### TASK DETAILS
Transcribe the listing below exactly, leaving out each image.

### DATA
..............................

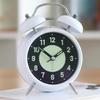 Heavy Sleepers Alarm Clock Green Fluorescent Display Quiet Mechanism Twin Bells Nightlight Included Bedroom Table Clock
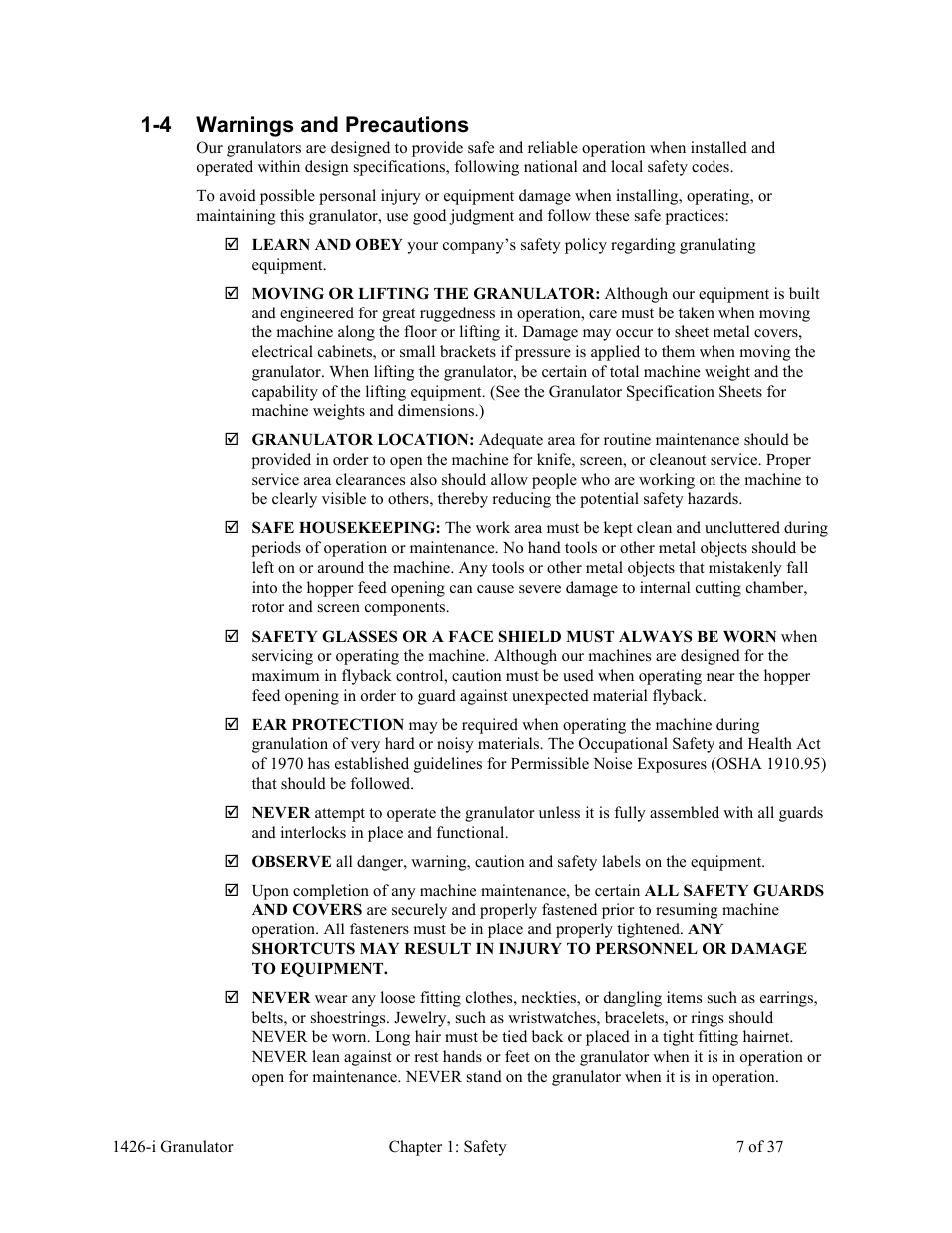 4 warnings and precautions | AEC 1426-i Twin-Shear Granulator User Manual | Page 8 / 38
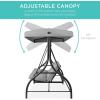 imageBest Choice Products 3Seat Outdoor Large Converting Canopy Swing Glider Patio Hammock Lounge Chair for Porch Backyard wFlatbed Adjustable Shade Removable Cushions  BurgundyFog Gray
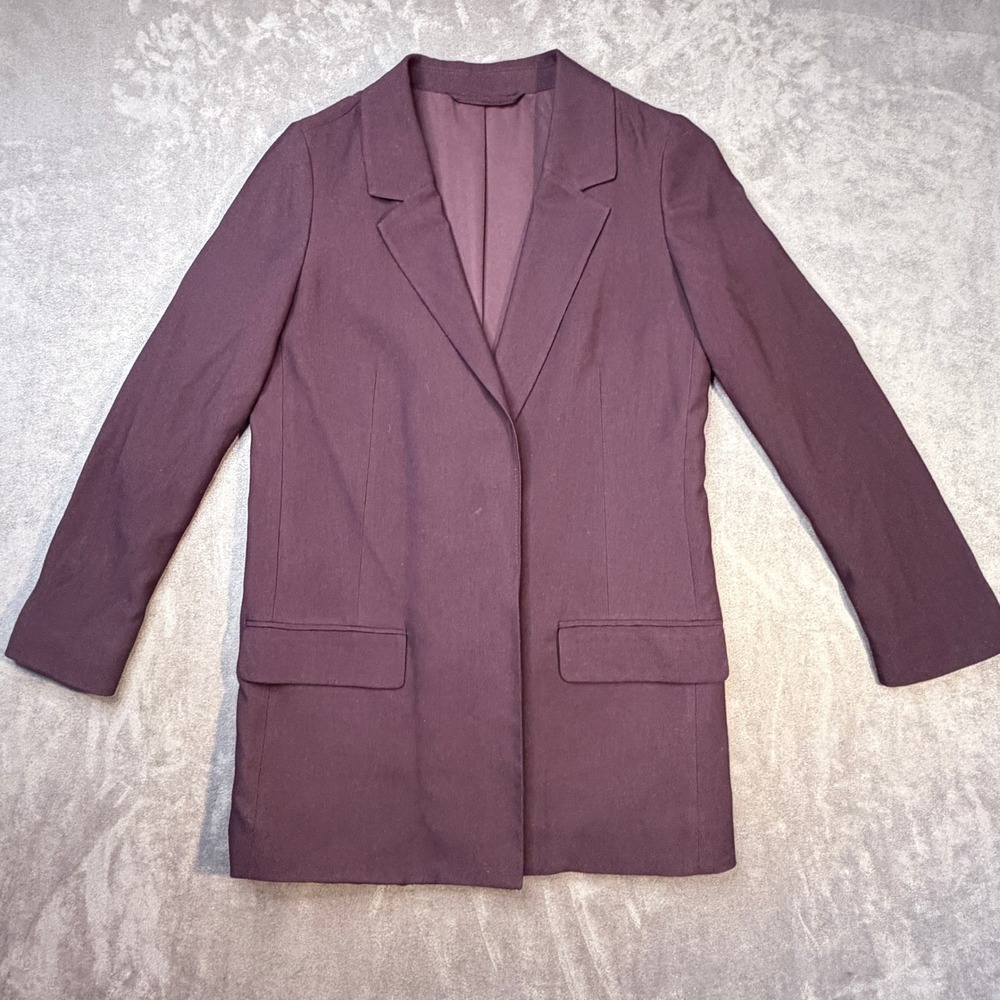 AllSaints Aleida Blazer Womens US 4 Plum Purple Open Front‎ Jacket Lined Pockets - Picture 2 of 9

..............................

### TASK ANSWER
 Heavy Sleepers Alarm Clock Green Fluorescent Display Quiet Mechanism Twin Bells Nightlight Included Bedroom Table Clock
 4 warnings and precautions | AEC 1426-i Twin-Shear Granulator User Manual | Page 8 / 38
 imageBest Choice Products 3Seat Outdoor Large Converting Canopy Swing Glider Patio Hammock Lounge Chair for Porch Backyard wFlatbed Adjustable Shade Removable Cushions  BurgundyFog Gray
 AllSaints Aleida Blazer Womens US 4 Plum Purple Open Front‎ Jacket Lined Pockets - Picture 2 of 9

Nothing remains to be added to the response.